Remix.run Logo
hobs 2 days ago

Cant you just request the ICANN’s zone files and have the canonical list of the day?

renegat0x0 2 days ago | parent | next [-]

Any link list, or domain list is not worth much without any rating, or meta. I lead a hobby project, and I am not expert, so I provide ratings based on what kind of data pages provide (title, social, description), and my own manual voting system. It is not ideal, but it is something. Also I provide tags, so it is easily known what the domain provides, or domains can be filtered by tags.

I know that you cannot count and visit every domain, so the list will never be finished, but I am happy with the results.

hobs 2 days ago | parent [-]

Well, if you are curating every link them its a different story, and looks like a more classic webring - I missed that part of the work - I thought it looked like a big set of crawler data that wasn't as manually curated.

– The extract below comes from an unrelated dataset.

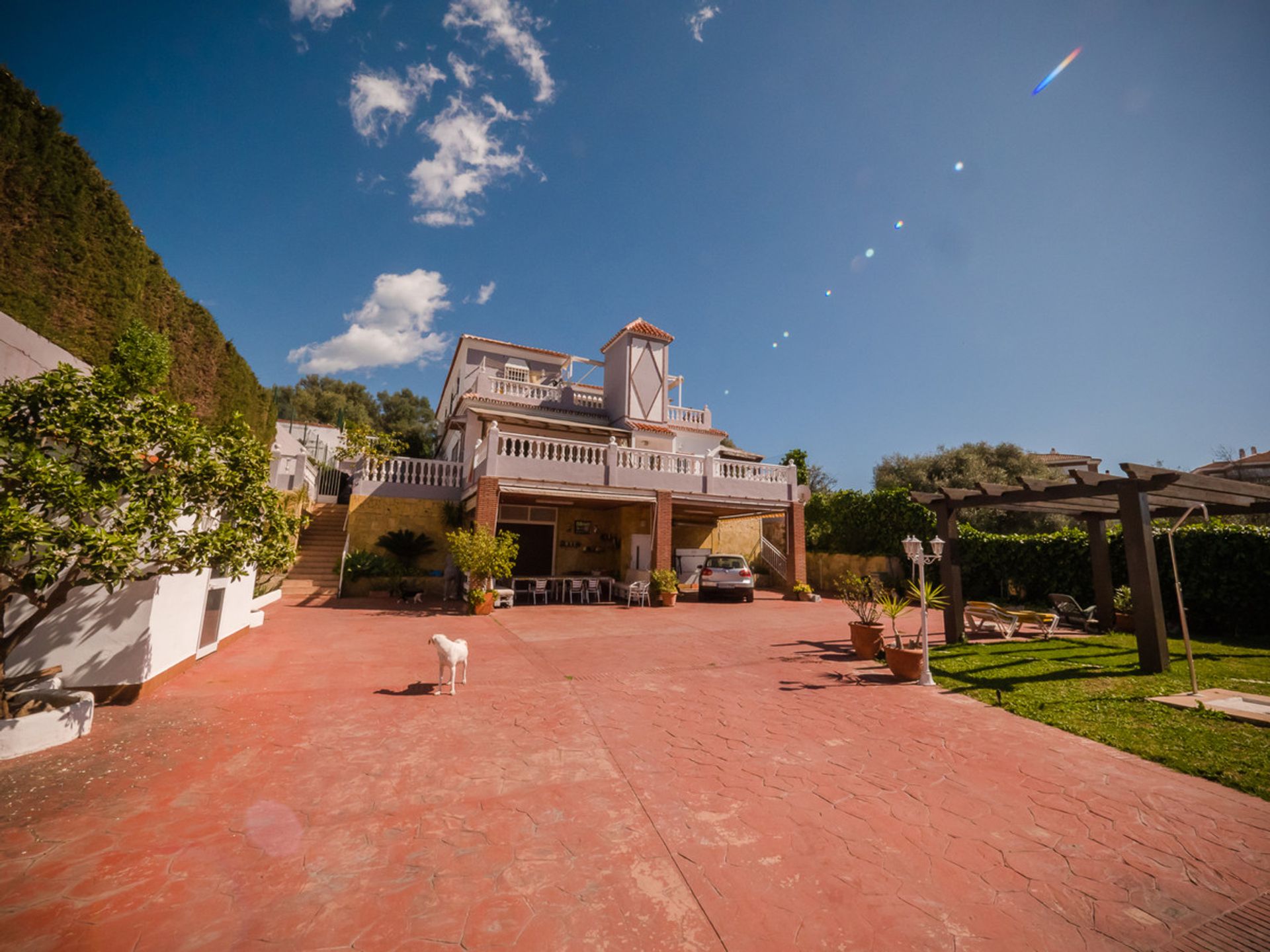 Talo sisään Mijas, Andalucía 10201089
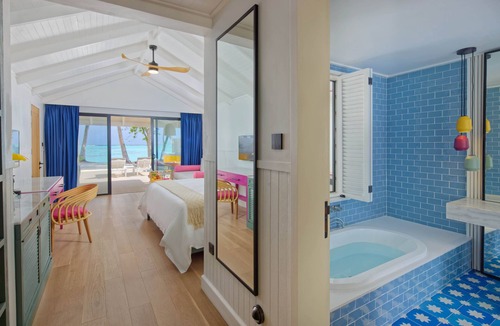 Nalaguraidhoo Resort | Villa Park Sun Island Resort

egberts1 2 days ago | parent | prev [-]

Avoiding GIGO (Garbage In, Garbage Out).

This is why we have computer-variants of Library Science and Archeology, Forensic Science and a bunch of other advanced knowledge (not AI, mind you).

hobs 2 days ago | parent [-]

I don't see how this applies as its aggregating a bunch of stuff from random crawlers - if you want to crawl a list of actual domains that's generally considered the list of things that could resolve, so seems like a good starting place.